Found your paddle today at the bottom of Big A. I stashed it on river left at the bottom of the rapid. Right near where the 2 big rocks stick out into the bottom of the drop from river left. Pulled the pogies from the paddle. Give me an address and I can send those up to you. Atom....



yakin' said:


> Yesterday (4/4) my buddy lost my extra paddle in the slot of the left run of Big Arsenic. He was upside down with his arms extended and it was ripped from his hands. Not sure if it got stuck in there or went downstream. We were more concerned with getting him safely to shore and never saw it again. It is a white blade and black shaft werner with a left hand brewing co. sticker on one of the blades. It also has my phone # on it, so a case of beer is up for whoever finds and returns it.

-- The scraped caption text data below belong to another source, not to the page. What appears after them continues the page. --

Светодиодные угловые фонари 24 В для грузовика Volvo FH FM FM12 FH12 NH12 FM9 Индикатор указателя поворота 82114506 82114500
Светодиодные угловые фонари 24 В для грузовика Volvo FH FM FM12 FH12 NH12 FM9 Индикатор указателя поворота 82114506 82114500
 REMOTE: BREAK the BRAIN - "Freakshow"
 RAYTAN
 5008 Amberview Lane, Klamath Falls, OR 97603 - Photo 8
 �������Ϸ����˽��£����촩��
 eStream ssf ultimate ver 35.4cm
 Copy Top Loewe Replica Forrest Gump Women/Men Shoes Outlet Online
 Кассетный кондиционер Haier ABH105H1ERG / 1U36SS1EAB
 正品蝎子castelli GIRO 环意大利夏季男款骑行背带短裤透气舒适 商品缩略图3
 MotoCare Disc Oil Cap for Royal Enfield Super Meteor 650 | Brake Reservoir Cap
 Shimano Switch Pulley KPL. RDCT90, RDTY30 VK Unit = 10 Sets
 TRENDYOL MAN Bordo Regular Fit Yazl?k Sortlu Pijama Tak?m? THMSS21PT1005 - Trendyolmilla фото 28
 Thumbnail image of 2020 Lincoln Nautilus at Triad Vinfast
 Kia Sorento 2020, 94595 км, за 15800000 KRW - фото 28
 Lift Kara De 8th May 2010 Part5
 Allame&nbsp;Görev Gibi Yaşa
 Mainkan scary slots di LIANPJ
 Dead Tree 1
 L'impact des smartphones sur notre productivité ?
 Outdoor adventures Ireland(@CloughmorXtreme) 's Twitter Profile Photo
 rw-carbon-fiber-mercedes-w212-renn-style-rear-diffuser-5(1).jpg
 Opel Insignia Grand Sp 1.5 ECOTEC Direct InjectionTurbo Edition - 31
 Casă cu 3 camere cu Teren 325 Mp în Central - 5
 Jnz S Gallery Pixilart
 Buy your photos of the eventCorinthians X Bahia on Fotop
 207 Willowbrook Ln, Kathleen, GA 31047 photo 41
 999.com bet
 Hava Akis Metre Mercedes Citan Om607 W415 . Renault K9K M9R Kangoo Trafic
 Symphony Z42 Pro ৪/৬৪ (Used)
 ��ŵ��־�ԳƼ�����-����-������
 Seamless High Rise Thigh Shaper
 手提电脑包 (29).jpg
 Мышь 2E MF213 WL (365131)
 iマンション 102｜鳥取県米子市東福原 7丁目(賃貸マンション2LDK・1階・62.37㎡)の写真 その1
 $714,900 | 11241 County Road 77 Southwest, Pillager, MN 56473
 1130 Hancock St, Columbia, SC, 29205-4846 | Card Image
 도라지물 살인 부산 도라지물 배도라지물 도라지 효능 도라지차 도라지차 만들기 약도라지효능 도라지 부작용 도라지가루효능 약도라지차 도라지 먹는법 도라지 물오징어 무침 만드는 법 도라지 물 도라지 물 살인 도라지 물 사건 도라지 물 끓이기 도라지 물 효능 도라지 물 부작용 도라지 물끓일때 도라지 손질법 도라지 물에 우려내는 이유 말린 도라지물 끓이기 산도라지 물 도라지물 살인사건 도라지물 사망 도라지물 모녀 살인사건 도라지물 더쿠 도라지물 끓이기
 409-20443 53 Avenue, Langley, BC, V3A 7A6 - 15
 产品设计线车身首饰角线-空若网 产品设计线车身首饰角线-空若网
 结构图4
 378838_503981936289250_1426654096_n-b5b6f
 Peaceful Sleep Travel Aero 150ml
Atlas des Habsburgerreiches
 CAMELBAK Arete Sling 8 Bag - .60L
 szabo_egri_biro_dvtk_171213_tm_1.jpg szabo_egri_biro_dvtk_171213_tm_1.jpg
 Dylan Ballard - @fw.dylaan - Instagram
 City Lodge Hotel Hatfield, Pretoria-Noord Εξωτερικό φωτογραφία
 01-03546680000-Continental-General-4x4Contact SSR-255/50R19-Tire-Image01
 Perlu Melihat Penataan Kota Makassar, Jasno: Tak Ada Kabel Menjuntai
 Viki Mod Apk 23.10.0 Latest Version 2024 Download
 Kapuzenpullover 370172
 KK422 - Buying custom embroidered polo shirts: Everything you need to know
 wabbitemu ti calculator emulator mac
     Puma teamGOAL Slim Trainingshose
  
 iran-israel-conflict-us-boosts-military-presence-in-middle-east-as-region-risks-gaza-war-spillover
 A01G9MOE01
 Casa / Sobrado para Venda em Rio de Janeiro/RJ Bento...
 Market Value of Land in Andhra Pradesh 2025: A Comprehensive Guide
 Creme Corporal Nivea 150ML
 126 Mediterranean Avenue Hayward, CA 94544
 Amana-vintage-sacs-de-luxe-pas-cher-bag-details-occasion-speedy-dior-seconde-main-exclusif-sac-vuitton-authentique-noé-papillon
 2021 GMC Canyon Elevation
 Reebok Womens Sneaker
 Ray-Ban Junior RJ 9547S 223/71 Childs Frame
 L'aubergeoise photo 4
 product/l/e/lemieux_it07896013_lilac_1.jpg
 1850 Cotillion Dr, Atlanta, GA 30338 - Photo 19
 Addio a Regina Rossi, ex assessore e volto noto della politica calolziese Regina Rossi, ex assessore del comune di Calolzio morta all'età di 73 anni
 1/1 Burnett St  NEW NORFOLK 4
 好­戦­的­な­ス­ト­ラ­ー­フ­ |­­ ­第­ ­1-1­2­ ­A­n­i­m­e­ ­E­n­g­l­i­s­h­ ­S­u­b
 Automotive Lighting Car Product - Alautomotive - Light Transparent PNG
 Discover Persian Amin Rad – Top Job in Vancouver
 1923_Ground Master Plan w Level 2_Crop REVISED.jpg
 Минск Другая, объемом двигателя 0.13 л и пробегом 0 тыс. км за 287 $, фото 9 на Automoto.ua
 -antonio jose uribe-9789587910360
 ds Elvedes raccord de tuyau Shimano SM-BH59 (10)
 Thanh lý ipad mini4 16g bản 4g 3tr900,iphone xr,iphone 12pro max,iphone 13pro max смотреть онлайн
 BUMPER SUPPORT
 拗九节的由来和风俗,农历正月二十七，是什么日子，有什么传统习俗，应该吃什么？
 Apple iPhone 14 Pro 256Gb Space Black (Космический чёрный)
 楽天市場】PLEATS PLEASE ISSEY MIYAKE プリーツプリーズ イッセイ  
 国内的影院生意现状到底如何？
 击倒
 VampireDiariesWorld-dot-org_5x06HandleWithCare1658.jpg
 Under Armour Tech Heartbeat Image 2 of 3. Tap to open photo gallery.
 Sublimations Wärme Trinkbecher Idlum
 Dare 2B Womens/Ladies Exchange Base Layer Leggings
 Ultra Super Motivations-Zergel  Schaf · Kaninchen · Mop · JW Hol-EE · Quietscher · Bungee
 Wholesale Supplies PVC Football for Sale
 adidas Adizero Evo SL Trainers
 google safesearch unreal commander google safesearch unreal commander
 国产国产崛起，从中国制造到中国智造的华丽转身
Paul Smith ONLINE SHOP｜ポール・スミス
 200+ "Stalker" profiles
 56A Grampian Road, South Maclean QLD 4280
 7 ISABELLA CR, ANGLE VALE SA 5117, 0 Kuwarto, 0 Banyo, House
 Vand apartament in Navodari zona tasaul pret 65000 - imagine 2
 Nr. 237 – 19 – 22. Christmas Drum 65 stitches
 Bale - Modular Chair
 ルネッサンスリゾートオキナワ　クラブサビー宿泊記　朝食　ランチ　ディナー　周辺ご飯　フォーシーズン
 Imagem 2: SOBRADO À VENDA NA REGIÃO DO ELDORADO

Just a heads up to be careful in that rapid when flows drop. Please scout that slot move, because it could be dangerous if it's stuck in there.
> 
> Scott


----------



## D. Hippie (Feb 18, 2008)

Thanks Atom. I'm coming down to NM this weekend for the embudo and maybe a few other runs. Not sure what the schedule is yet, but if you give me a call I'll come by and grab those pogies. Gotta get down in the box again to grab that paddle since it's my playboating paddle. Thanks again,

Scott
(970)987-1507


----------